Genel
Bugün 1 Nisan : Korkmuyoruz, Cesaretle Üzerinize Yürüyoruz!
Bugün 1 Nisan*. Yüzümüz güleç. Yüzümüz yaptığımız şakalardan değil başka bir sebepten güleç ve bu gülüş bir inancı temsil ediyor, hiç solmayacak bir inancı.
Devlet “ben devletim”, polis ” “ben polisim” diyor. Bunu her seferinde yinelemesine, tekrarlamasına, meşruluğumuzun karşısına dikilmesine şaşırmıyoruz.
Onların, biz ezilenlerin sırtından yumruğunu esirgemeyecekleri tarihle apaçık ortada. Devletin gerçekliği işkence, polisin gerçekliği katletmektir. Bu gerçek ezilenlerle ezenlerin karşı karşıya geldiği her an ayyuka çıkar. Bu yüzden devletin yasaklarla durduramadığı direnişi işkenceyle yıldırabileceğini sanması kadar basit hayalini çok görmüyoruz. Bu da O’na ve devletine en büyük 1 Nisandır işte.
Bugün 1 Nisan, devletin yasakları ancak ezilenleri kapsar ve devleti korur.
İsterse valiler, kaymakamlar koydukları ya da uyguladıkları yasaklara kılıflar uydursun isterse sokaklara çoğunluğunu yığsın. Sokakları ablukaya alarak “ben devletim, istediğimi yaparım bu sokaklarda” görüntüsü yaratmaya çalışıyor. Hemen düzeltelim: “Bu sokaklar bizimdir.” Her sokakta, her seferinde daha yüksek sesle söyleyelim: “Sokaklar bizim”. Bunu söylemekten, sokaklarımızı savunmaktan ve direnişimizi sürdürmekten bir adım geri durmayacağız. Bu kadarı bile korkularının tetiklendiğinin kanıtıdır işte. Bizi bu sokaklardan koparmak istemeleri de korkularındandır.

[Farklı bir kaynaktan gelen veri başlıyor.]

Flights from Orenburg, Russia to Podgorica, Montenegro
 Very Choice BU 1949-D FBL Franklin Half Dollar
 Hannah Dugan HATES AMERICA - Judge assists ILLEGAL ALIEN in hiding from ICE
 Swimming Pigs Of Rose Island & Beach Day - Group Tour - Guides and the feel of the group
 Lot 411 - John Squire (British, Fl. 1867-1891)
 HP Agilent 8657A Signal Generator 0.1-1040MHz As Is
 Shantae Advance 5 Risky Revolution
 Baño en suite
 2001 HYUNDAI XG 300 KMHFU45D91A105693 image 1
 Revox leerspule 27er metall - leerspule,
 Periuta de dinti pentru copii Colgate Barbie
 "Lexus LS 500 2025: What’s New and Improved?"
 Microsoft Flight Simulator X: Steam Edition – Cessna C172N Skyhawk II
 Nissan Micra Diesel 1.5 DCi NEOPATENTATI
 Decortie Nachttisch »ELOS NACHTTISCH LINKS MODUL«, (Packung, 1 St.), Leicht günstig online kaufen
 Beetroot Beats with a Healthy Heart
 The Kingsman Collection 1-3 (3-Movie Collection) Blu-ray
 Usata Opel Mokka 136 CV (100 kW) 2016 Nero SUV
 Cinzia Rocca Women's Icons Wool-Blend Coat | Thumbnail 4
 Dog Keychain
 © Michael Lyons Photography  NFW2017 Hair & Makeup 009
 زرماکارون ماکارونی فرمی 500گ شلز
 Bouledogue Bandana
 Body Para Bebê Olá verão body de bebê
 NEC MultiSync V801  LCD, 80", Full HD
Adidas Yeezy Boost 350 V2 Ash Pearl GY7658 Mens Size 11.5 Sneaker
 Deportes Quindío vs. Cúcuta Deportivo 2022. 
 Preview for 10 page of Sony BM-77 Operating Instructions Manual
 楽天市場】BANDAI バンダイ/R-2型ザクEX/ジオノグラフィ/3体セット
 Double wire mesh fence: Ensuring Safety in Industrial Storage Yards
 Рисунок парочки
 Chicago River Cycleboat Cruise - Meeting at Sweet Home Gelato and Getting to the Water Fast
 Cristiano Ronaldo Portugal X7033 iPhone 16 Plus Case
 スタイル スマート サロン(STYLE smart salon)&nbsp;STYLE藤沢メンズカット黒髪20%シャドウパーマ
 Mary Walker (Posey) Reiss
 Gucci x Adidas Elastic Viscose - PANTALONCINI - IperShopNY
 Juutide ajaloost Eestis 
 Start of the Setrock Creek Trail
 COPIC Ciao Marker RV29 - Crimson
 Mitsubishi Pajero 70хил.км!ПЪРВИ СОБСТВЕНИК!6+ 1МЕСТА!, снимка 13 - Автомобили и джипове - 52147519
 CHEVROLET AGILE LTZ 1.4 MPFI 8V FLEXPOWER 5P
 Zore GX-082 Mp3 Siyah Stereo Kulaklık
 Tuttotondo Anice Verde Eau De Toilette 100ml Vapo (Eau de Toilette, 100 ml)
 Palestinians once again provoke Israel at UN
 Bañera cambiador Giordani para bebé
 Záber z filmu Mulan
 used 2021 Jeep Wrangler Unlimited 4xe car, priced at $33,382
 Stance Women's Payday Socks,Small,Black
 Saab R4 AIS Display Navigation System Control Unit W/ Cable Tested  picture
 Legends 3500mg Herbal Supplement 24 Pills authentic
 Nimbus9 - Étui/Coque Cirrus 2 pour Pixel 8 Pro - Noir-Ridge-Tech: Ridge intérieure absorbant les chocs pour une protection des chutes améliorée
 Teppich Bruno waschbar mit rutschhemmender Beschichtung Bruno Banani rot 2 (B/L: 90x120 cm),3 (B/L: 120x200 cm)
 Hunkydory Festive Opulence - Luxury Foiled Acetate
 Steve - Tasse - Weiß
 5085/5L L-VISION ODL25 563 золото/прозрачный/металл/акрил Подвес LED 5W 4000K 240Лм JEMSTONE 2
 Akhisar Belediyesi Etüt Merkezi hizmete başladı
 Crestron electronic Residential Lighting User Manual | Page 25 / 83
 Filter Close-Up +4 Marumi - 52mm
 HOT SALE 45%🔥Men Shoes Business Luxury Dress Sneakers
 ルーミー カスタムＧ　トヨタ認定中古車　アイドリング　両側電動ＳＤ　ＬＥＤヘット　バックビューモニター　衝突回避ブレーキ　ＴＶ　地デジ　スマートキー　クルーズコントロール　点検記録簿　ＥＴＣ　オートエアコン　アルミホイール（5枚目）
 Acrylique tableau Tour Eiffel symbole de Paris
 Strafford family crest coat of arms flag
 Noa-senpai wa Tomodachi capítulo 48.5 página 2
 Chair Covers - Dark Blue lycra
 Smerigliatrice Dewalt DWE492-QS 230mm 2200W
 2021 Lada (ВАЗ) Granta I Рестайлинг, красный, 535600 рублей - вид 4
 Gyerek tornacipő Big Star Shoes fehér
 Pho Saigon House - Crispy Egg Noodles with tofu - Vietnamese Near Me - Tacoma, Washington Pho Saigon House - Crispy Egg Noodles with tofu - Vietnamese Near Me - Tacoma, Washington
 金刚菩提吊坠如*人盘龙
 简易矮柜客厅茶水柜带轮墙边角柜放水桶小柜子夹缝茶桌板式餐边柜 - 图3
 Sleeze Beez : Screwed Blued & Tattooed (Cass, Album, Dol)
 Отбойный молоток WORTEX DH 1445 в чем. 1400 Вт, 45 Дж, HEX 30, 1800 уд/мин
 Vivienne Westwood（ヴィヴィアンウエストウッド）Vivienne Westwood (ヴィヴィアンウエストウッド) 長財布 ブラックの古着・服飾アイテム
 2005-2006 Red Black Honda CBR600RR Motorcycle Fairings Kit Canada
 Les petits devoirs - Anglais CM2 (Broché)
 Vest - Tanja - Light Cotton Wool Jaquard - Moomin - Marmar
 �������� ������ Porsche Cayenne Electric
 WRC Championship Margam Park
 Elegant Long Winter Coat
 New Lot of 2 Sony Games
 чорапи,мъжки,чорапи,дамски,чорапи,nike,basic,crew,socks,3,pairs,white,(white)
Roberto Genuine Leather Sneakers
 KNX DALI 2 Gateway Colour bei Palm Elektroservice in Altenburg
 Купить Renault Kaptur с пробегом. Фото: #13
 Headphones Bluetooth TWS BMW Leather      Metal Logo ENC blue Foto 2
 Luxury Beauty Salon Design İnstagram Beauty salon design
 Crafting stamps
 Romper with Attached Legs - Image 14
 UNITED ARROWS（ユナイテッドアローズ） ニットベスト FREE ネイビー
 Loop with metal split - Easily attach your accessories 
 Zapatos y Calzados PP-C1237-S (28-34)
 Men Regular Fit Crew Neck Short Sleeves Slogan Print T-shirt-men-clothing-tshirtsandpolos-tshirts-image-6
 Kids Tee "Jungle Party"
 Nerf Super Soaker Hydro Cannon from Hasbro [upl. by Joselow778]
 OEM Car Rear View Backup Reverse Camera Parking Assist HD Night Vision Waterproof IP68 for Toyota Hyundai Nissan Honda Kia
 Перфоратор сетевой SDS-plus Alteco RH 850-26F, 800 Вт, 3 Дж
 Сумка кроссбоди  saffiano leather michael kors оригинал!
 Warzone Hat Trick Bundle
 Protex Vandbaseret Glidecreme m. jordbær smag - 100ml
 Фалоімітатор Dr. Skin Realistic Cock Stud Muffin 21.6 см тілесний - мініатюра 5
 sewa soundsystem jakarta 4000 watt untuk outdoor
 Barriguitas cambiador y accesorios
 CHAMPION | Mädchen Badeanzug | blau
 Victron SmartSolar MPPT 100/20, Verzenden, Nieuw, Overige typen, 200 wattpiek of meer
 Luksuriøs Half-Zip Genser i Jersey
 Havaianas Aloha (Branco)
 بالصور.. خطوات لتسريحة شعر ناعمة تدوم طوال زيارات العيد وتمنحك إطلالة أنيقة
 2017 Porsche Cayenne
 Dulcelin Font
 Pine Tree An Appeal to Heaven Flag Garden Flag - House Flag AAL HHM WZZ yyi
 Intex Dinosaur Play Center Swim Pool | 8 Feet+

Bugün 1 Nisan, polisin bugün yaptıkları, bugüne kadar yaptıklarıdır.
Boğazımızı sıkıp, üzerimize çullanmak, nefesimizi kesmek. Bu onlara belki maddi veya mevkî bir karşılık olarak döner ama şunu bilsinler ki bu onlara kesinlikle direniş olarak dönecek. Bilinen bir sözü şöyle okumak yanlış olmaz: “Bugün hedef aldığın her hayat sana direniş olacak.”
Daha çoğuyla gelecekleri, gelip karşımıza duracakları, yaptıklarını yine yapacakları aşikâr. Hiç solmayacak inanç burada sivriliyor işte. Unuttukları yerden hatırlatıyoruz: “Korkmuyoruz, cesaretle üzerinize yürüyoruz”.
Vardığımız yer şuradır: karşılarına aldıkları sadece bizler miyiz? Yoksa insanlık onuru mu? Bugün yığıldıkları, kümelendikleri sokaklardan aldıkları karşılıklar bunun cevabıdır.
“Onurun çırpındığı bütün göğüslerde
Azgın lokomotifler gibi her nefes
Bir ses dolaşıyor yürekten yüreğe
Bir ses
Yalayarak geçiyor demir kapıları
Telörgülerde parmaklıklarda dolaşıyor
Kimse görmüyor belki duymuyor da
Bir ses dolaşıyor her yerde her an
Bir ses
Bir ses ki yaşamın tümüne özdeş
Sağırların kulaklarına fırtınadır
Körlerin gözlerinde güneş”
– Sergen Saka
*1 Nisan gününde Kadıköy’de gerçekleştirilen Boğaziçi eylemine yapılan polis saldırısı ardından yazılmıştır.